- [Provided material]
:::

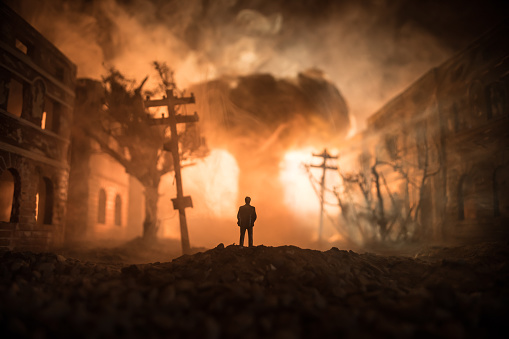 Artwork decoration. A man standing on a road of burnt up city. Apocalyptic view of city downtown as disaster film poster concept. Night scene. City destroyed by war. Selective focus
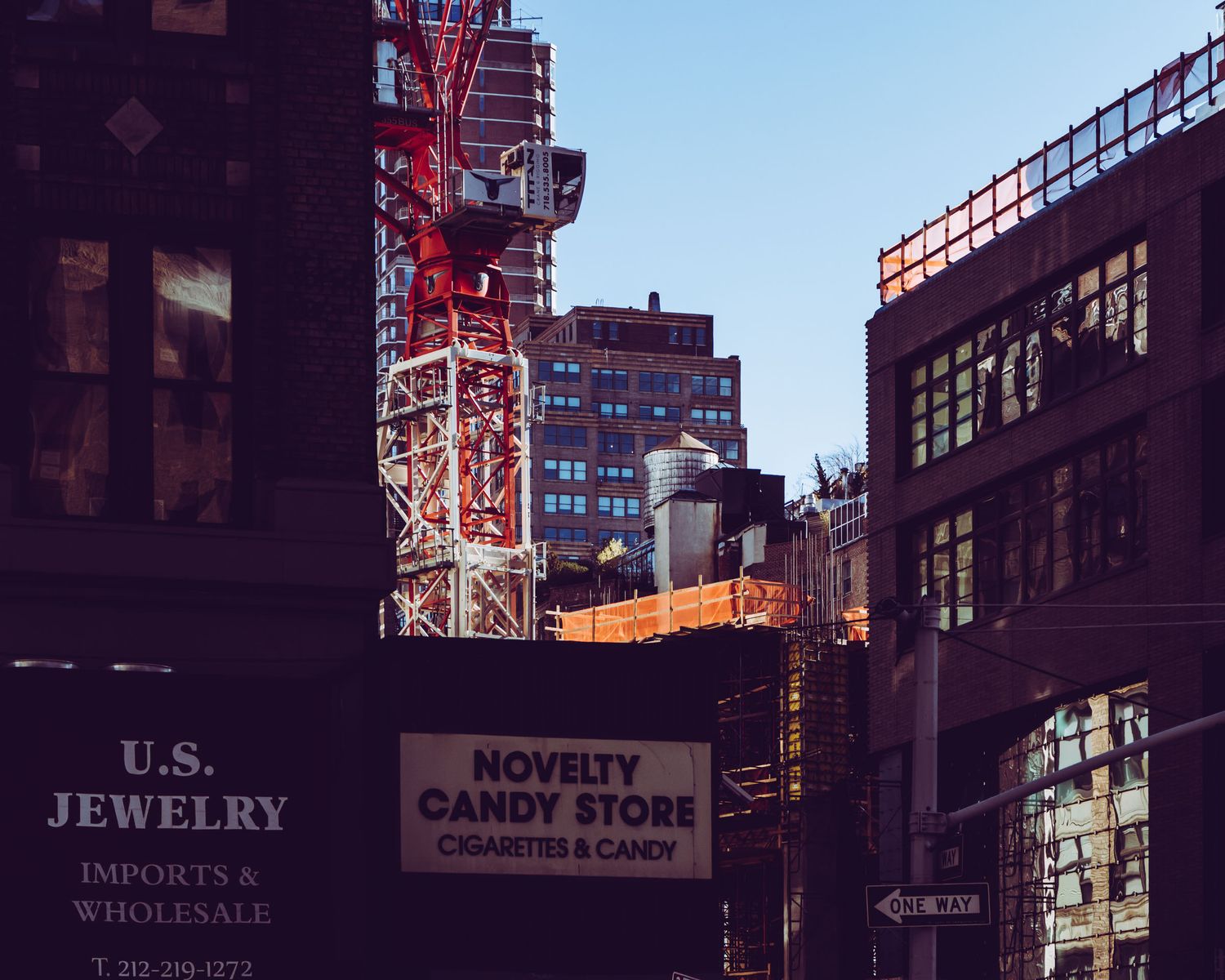 Urban street scene with U.S. Jewelry imports and Novelty Candy Store signs amid NYC buildings and construction crane.
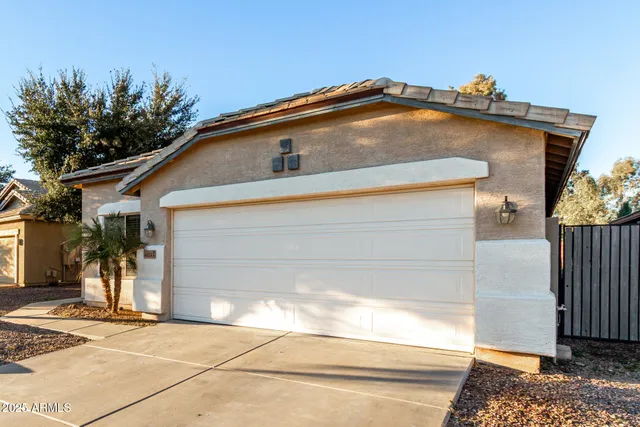 a view of a house with a garage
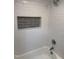 Modern shower with white subway tile and a built-in niche for toiletries at 6300 Nc 27, Coats, NC 27521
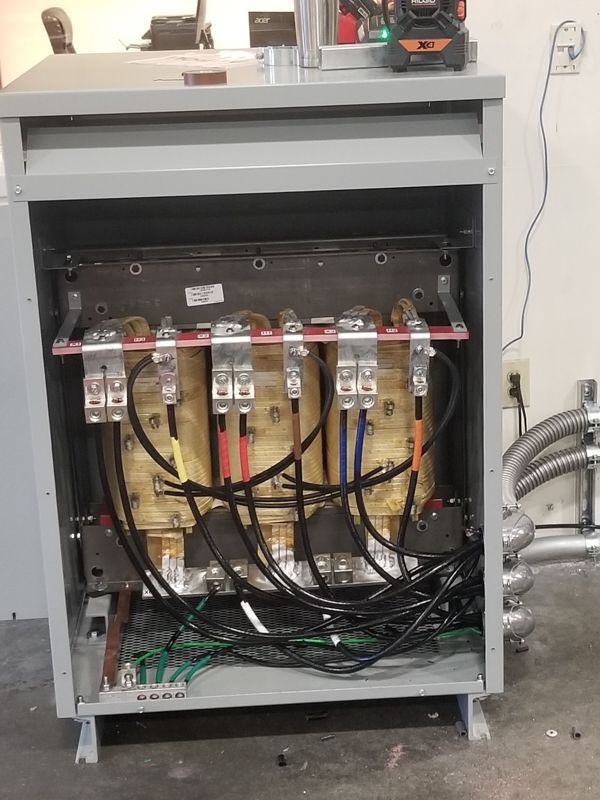 Open electrical cabinet with wiring, breakers, and exposed components in a workshop setting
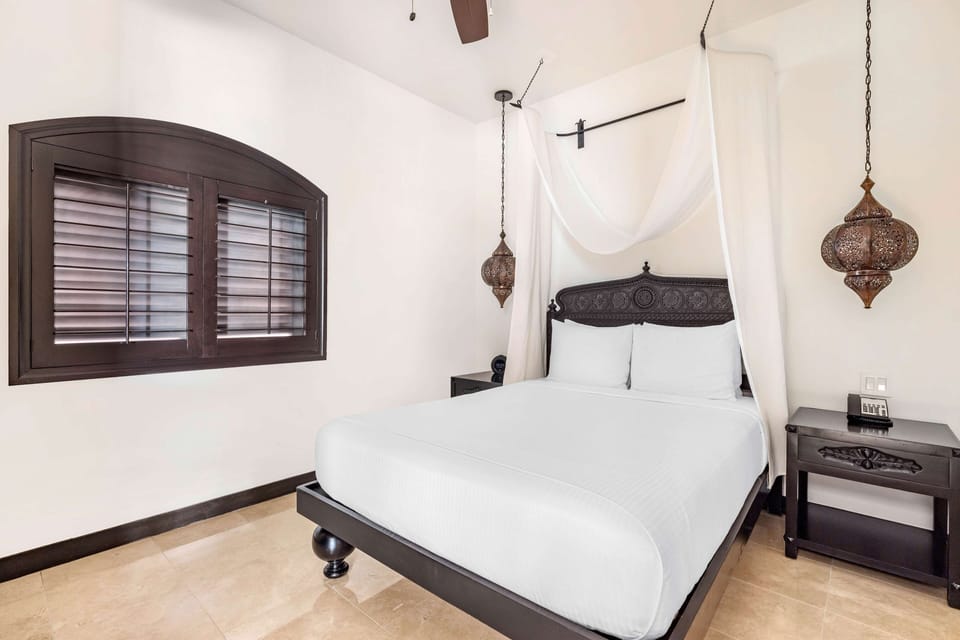Sink into crisp linens beneath an elegant canopy bed.
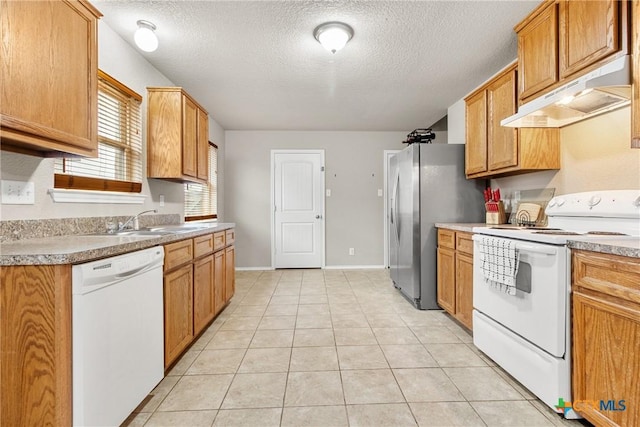 kitchen featuring a textured ceiling, sink, light tile patterned floors, and white appliances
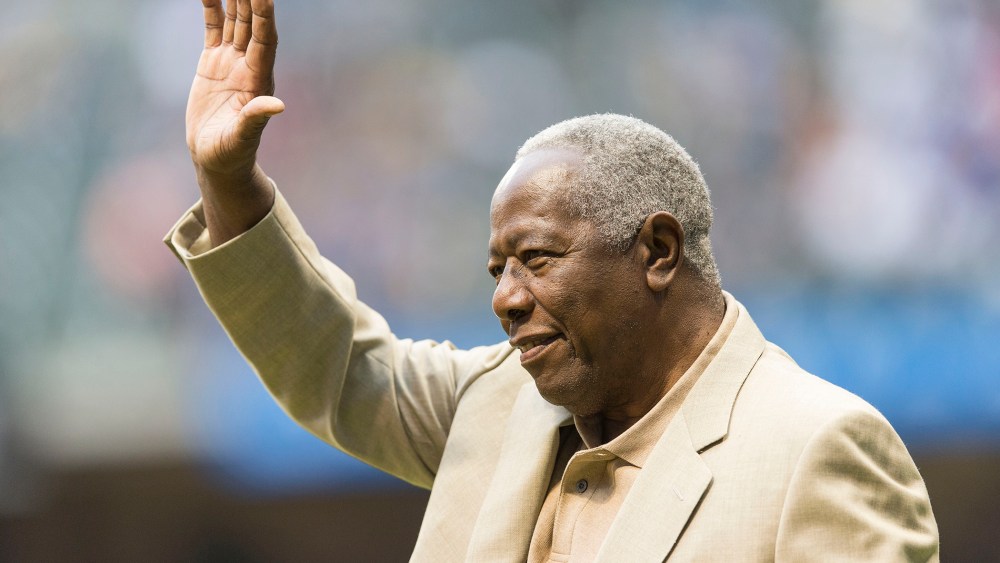 Baseball Hall of Famer Hank Aaron waves to the crowd before the start of the Washington Nationals game at Miller Park on Aug. 2, 2013 in Milwaukee, Wisc.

:::

- [Required action] Copy out every entry above exactly. Leave the pictures out.

- [Answer to this exercise]
 Artwork decoration. A man standing on a road of burnt up city. Apocalyptic view of city downtown as disaster film poster concept. Night scene. City destroyed by war. Selective focus
 Urban street scene with U.S. Jewelry imports and Novelty Candy Store signs amid NYC buildings and construction crane.
 a view of a house with a garage
 Modern shower with white subway tile and a built-in niche for toiletries at 6300 Nc 27, Coats, NC 27521
 Open electrical cabinet with wiring, breakers, and exposed components in a workshop setting
Sink into crisp linens beneath an elegant canopy bed.
 kitchen featuring a textured ceiling, sink, light tile patterned floors, and white appliances
 Baseball Hall of Famer Hank Aaron waves to the crowd before the start of the Washington Nationals game at Miller Park on Aug. 2, 2013 in Milwaukee, Wisc.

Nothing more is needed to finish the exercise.